US 11,798,530 B2
	Simultaneous acoustic event detection across multiple assistant devices
Matthew Sharifi, Kilchberg (CH); and Victor Carbune, Zurich (CH)
Assigned to GOOGLE LLC, Mountain View, CA (US)
Filed by Google LLC, Mountain View, CA (US)
Filed on Oct. 30, 2020, as Appl. No. 17/85,926.
Prior Publication US 2022/0139371 A1, May 5, 2022
Int. Cl.
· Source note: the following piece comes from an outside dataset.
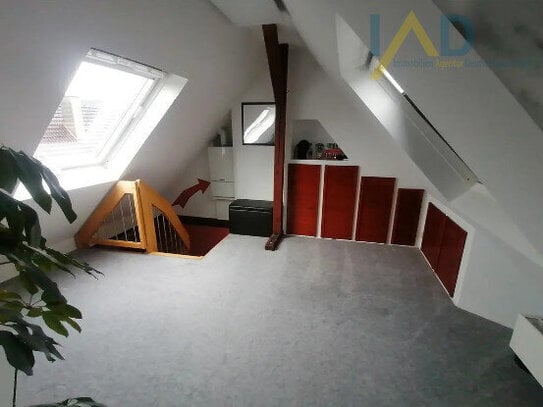 42 m² Dachgeschosswohnung + 30 m² ausgebauten Dachgeschoss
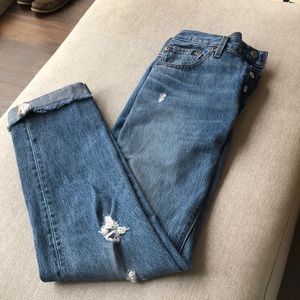 ✨Vintage Distressed Levi's 501's 28✨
G10L 15/01 (2013.01); G01S 3/80 (2006.01); G10L 15/08 (2006.01); G10L 15/32 (2013.01); H04R 29/00 (2006.01)

CPC G10L 15/01 (2013.01) [G01S 3/8006 (2013.01); G10L 15/08 (2013.01); G10L 15/32 (2013.01); H04R 29/006 (2013.01); G10L 2015/088 (2013.01)]

16 Claims

1. A method implemented by one or more processors, the method comprising:

detecting, via one or more microphones of an assistant device located in an ecosystem that includes a plurality of assistant devices, audio data that captures an acoustic event, wherein the acoustic event comprises one or more of: glass breaking, a dog barking, a cat meowing, a doorbell ringing, a smoke alarm sounding, a carbon monoxide detector sounding, a baby crying, or a door knocking;

processing, using an acoustic event detection model that is stored locally at the assistant device and that is trained to detect whether one or more particular acoustic events are captured in the audio data, the audio data that captures the acoustic event to generate one or more corresponding measures associated with the acoustic event, wherein the one or more corresponding measures associated with the acoustic event comprise one or more corresponding confidence levels associated with whether the audio data is predicted to capture one or more of the particular acoustic events;

detecting, via one or more additional microphones of an additional assistant device located in the ecosystem, additional audio data that also captures the acoustic event, the additional assistant device being in addition to the assistant device, and the additional assistant device being co-located in the ecosystem with the assistant device;

processing, using an additional acoustic event detection model that is stored locally at the additional assistant device and that is trained to detect whether one or more particular acoustic events are captured in the additional audio data, the additional audio data that captures the acoustic event to generate one or more corresponding additional measures associated with the acoustic event, wherein the one or more corresponding additional measures associated with the acoustic event comprise one or more corresponding additional confidence levels associated with whether the additional audio data is predicted to capture one or more of the particular acoustic events;

determining, based on comparing the one or more confidence levels to a threshold confidence level and based on comparing the one or more additional confidence levels to the threshold confidence level or an additional threshold confidence level, whether the acoustic event detected by at least both the assistant device and the additional assistant device corresponds to an occurrence of an actual acoustic event from among the one or more particular acoustic events; and

in response to determining that the acoustic event corresponds to the occurrence of the actual acoustic event, causing an action associated with the actual acoustic event to be performed.